» Dataset content

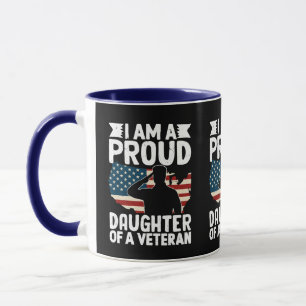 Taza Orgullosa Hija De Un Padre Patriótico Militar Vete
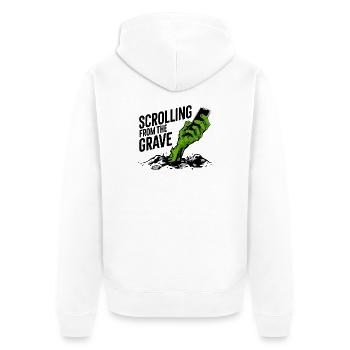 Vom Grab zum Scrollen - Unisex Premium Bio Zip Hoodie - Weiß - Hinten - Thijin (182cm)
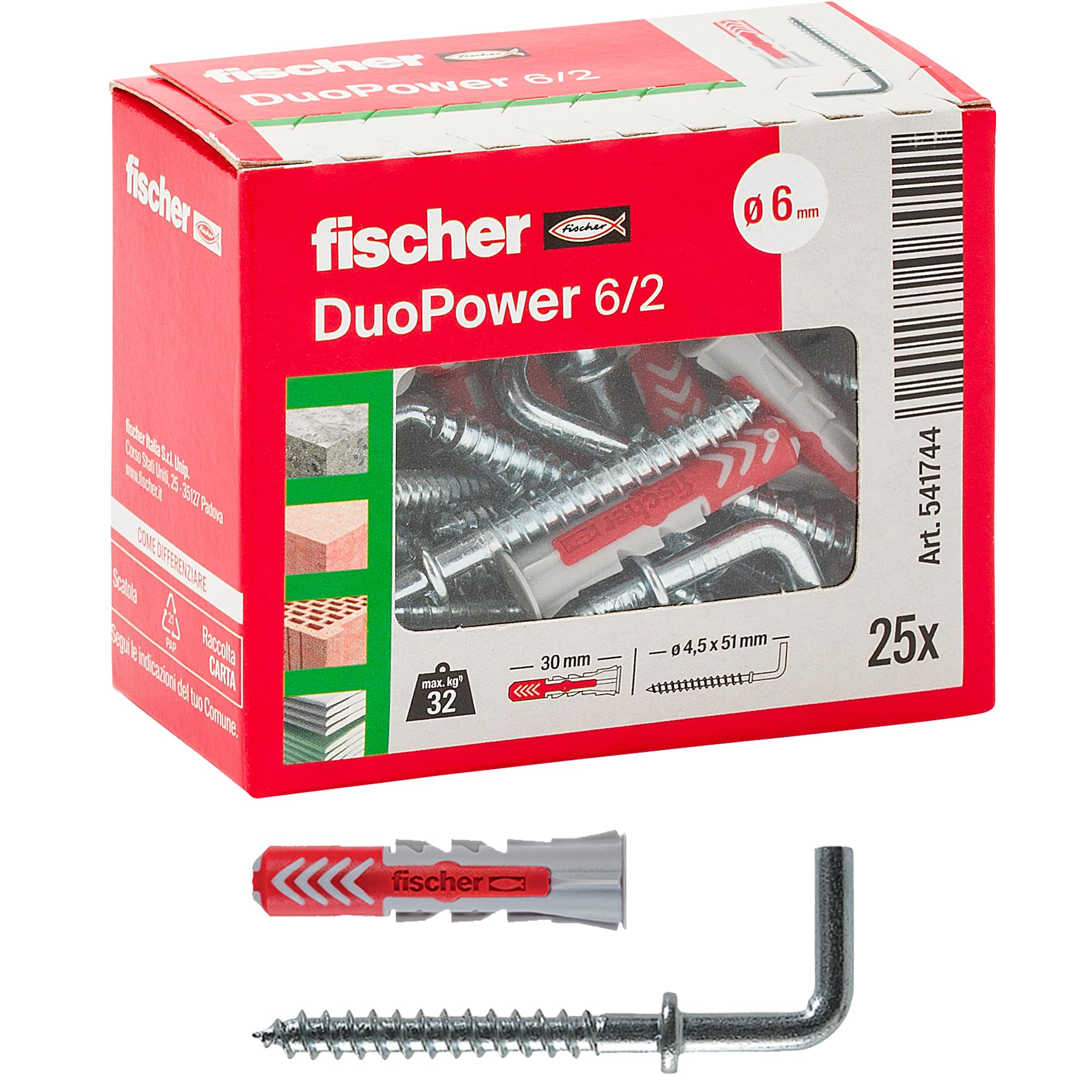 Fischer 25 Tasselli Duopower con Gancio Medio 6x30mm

» What this task involves
Without the pictures, write out all of the material exactly.

» Response to this task
 Taza Orgullosa Hija De Un Padre Patriótico Militar Vete
 Vom Grab zum Scrollen - Unisex Premium Bio Zip Hoodie - Weiß - Hinten - Thijin (182cm)
 Fischer 25 Tasselli Duopower con Gancio Medio 6x30mm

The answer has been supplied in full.